Drone use at the site of protests over the Dakota Access Pipeline’s route through North Dakota first made headlines last month when law enforcement, protesters and journalists began deploying the aircraft.
Reports of civilian drones being shot down and the Federal Aviation Administration’s declaration of a second temporary flight restriction over the site has since added fuel to the fire and inspired bloggers, lawyers and journalists to weigh in on the situation.
Here’s a sampling of link and excerpts of online posts published recently:
“Drones caused a brief uproar at the North Dakota campsites when three were shot down for allegedly flying too close to a sheriff’s helicopter surveying the area. Morton County Sheriff Kyle Kirchmeier later said the pilots were “in fear of their lives” while one of the drone’s owners, Dean Dedman Jr., said “the helicopter was not even close.” His drone’s footage had been used to prove that pipeline construction is nearing the Missouri River, which was blocked off by three federal agencies in September, and the other two drones were recording for an Indigenous-run documentary company.”
“Let me make it clear that I am not anti-law enforcement. I work with law enforcement on a regular basis, and many of my friends are local, state and federal law enforcement members. I simply do not consider the behavior of the law enforcement members at Standing Rock to be acceptable, or representative of professional law enforcement.”
“Because of the (temporary flight restriction), journalists have been forced to fly “rogue” in order to capture what many see as excessive use of force against demonstrators – including a video of law enforcement using water hoses in sub-freezing weather against what appear to be peaceful protesters.”
“This is the second temporary flight restriction the FAA has placed over the area.
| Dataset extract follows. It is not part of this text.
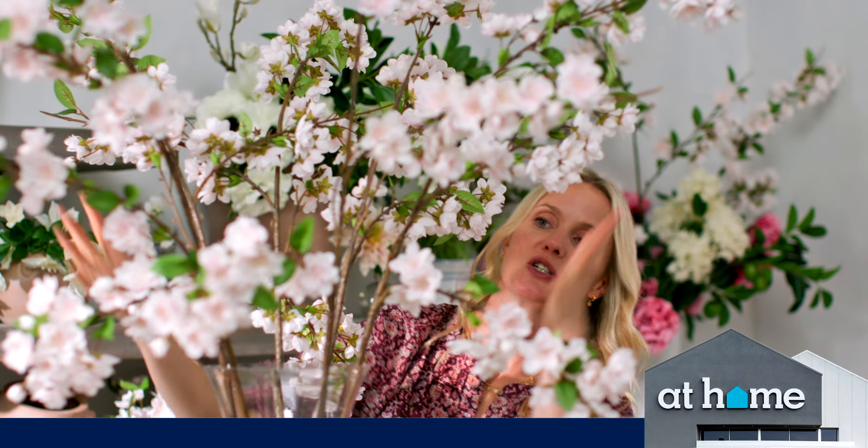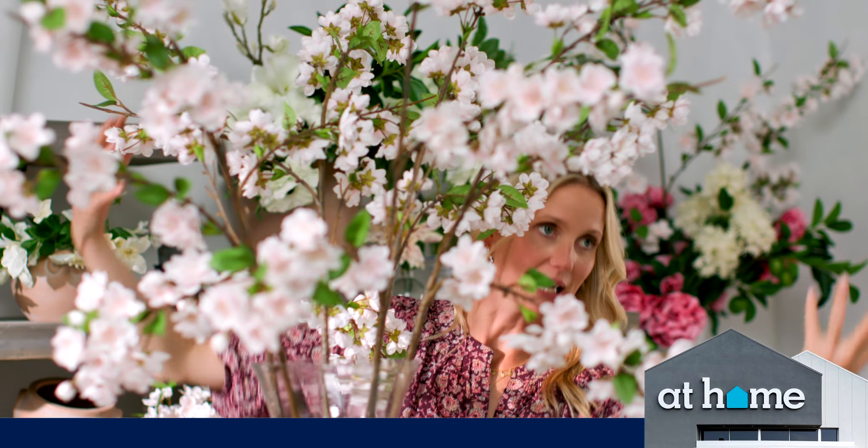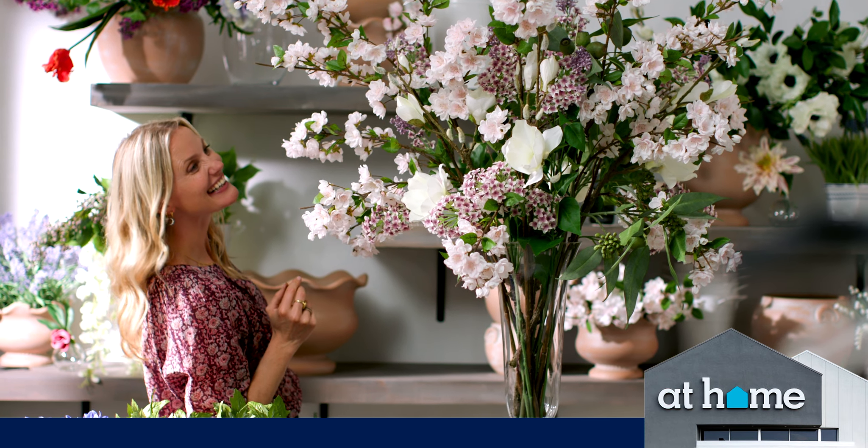The flowers aren't just shooting out the top. We want them to look like they're very natural and they're spilling over, so it's just really romantic.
The first was in late October in response to local law enforcement complaining that a drone pilot “flew at a helicopter in a threatening manner,” meaning the drone operator was breaking current FAA rules. Yet the flight restrictions are a blanket ban and also apply to drone operators who act according to the FAA rules to collect aerial video, too.”
In response to questions about the TFR, the FAA did issue a statement, which can be found at the top of this Forbes column. You can read it in its entirety below.
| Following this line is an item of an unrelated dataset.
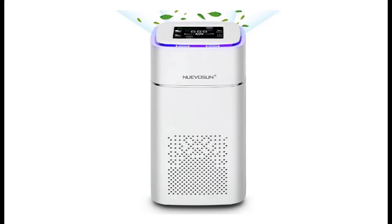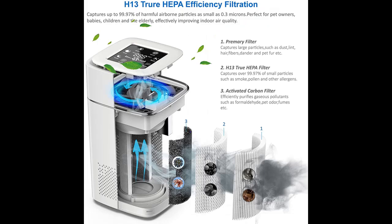Fan Speed Levels: The Nuevasun Air Purifier uses new quiet fan technology, with low, medium, and high wind speeds. The lowest noise is only 22 dB. In auto mode, it can sense the air quality and automatically adjust the fan speed.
“The Federal Aviation Administration carefully considers requests from law enforcement and other entities before establishing Temporary Flight Restrictions (TFR) in U.S. airspace. The TFR currently over the pipeline protest was approved to ensure the safety of aircraft in support of law enforcement and the safety of people on the ground.
The TFR includes provisions for media to operate aircraft – both traditional and unmanned – inside the TFR, provided that operators comply with the language of the Notice to Airmen. In the case of unmanned aircraft, operators must also comply with the requirements of Part 107 and coordinate beforehand with the FAA. We’ve had no requests from media who meet those requirements.
Although the FAA is aware of anecdotal reports of drones being shot down, the agency has received only one official report. On Oct. 23, a drone was shot down with bean bags after allegedly being flown in a threatening manner near a law enforcement helicopter. That incident is still under investigation.
The agency also is investigating several incidents in which protesters have allegedly flown their drones in violation of the provisions of the TFR.”